**What is being asked**
Transcribe exactly the lines that fall between the one holding "Käytetty Mercedes Viano" and the one holding "22.06.2025 - Viking", inclusive, from the entries below.

**Task material**
══════
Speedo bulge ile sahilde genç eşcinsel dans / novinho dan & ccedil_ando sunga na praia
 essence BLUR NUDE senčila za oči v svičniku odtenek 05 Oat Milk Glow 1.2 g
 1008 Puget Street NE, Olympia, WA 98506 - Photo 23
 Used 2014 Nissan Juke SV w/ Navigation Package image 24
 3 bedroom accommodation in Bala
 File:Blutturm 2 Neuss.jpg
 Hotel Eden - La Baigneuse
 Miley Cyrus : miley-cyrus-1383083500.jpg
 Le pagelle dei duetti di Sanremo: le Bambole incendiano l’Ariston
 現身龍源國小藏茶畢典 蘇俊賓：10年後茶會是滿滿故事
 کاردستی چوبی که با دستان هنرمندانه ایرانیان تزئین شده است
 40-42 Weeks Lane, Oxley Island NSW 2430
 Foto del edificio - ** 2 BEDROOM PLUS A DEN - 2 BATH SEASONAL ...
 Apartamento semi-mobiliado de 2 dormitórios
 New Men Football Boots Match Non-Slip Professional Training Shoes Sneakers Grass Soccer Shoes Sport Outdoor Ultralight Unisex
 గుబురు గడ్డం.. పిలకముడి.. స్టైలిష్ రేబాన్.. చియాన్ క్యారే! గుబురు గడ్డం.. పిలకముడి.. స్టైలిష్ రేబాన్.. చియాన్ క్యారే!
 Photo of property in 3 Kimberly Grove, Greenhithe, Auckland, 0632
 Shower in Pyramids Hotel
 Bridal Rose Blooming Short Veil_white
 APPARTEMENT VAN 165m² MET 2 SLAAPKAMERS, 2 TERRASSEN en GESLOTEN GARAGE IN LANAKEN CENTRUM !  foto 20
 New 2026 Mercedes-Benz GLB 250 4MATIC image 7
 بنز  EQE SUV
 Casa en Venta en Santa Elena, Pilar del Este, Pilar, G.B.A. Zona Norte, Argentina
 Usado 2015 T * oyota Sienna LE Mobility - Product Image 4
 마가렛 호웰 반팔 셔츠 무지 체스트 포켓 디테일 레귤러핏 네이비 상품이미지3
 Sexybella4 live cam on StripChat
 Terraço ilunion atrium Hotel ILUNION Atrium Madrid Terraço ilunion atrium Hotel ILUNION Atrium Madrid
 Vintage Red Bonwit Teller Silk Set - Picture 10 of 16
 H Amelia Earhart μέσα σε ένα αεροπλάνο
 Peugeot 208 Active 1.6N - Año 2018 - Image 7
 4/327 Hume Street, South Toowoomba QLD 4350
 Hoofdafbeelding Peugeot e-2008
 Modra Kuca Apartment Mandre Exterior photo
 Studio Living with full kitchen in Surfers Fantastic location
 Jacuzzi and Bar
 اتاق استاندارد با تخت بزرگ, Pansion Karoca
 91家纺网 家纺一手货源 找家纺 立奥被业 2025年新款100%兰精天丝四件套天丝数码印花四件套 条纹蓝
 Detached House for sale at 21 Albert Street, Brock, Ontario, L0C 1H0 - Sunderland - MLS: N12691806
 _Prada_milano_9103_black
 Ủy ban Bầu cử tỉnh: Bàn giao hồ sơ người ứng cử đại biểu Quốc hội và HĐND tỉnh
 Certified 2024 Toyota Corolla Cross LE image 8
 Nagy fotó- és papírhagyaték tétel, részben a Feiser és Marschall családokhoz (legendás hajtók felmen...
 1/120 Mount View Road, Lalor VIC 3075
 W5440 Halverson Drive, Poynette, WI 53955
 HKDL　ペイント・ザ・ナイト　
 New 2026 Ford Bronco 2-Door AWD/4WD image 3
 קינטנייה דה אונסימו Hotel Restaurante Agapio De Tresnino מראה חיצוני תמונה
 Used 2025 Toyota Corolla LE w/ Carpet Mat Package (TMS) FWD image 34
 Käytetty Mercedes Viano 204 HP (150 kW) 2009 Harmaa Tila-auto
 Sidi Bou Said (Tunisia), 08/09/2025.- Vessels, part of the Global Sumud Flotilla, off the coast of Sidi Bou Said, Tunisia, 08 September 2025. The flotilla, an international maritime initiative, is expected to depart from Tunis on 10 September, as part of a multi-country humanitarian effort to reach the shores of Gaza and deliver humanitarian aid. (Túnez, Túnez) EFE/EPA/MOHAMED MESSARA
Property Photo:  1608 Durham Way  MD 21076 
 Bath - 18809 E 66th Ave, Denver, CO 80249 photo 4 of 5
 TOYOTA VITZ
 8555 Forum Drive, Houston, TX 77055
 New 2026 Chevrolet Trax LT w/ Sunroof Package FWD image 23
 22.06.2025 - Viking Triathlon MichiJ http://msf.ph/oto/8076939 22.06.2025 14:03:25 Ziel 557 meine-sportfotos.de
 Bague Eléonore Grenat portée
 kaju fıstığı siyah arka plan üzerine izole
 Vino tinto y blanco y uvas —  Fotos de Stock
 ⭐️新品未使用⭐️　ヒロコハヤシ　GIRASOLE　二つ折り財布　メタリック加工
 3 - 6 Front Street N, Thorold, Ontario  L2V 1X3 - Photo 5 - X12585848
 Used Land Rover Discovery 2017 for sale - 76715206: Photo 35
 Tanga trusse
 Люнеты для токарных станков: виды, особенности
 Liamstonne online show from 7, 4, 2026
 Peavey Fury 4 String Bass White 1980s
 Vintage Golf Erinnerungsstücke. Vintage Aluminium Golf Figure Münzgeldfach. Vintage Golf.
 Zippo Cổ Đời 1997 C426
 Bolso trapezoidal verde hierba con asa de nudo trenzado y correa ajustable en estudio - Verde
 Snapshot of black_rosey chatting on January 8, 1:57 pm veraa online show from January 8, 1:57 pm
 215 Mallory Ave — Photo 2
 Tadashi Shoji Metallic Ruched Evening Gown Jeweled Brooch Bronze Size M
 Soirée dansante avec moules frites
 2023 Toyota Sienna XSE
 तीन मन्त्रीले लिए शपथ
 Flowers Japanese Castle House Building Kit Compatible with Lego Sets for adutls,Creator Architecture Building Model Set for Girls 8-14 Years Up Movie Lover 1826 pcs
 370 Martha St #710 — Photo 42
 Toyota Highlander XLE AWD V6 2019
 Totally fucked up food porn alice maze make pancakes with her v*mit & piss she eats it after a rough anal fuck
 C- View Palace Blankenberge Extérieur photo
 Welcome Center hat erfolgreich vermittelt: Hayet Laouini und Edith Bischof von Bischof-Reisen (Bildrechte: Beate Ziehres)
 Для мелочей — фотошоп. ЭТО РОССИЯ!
══════
**Exercise solution**
 Käytetty Mercedes Viano 204 HP (150 kW) 2009 Harmaa Tila-auto
 Sidi Bou Said (Tunisia), 08/09/2025.- Vessels, part of the Global Sumud Flotilla, off the coast of Sidi Bou Said, Tunisia, 08 September 2025. The flotilla, an international maritime initiative, is expected to depart from Tunis on 10 September, as part of a multi-country humanitarian effort to reach the shores of Gaza and deliver humanitarian aid. (Túnez, Túnez) EFE/EPA/MOHAMED MESSARA
Property Photo:  1608 Durham Way  MD 21076 
 Bath - 18809 E 66th Ave, Denver, CO 80249 photo 4 of 5
 TOYOTA VITZ
 8555 Forum Drive, Houston, TX 77055
 New 2026 Chevrolet Trax LT w/ Sunroof Package FWD image 23
 22.06.2025 - Viking Triathlon MichiJ http://msf.ph/oto/8076939 22.06.2025 14:03:25 Ziel 557 meine-sportfotos.de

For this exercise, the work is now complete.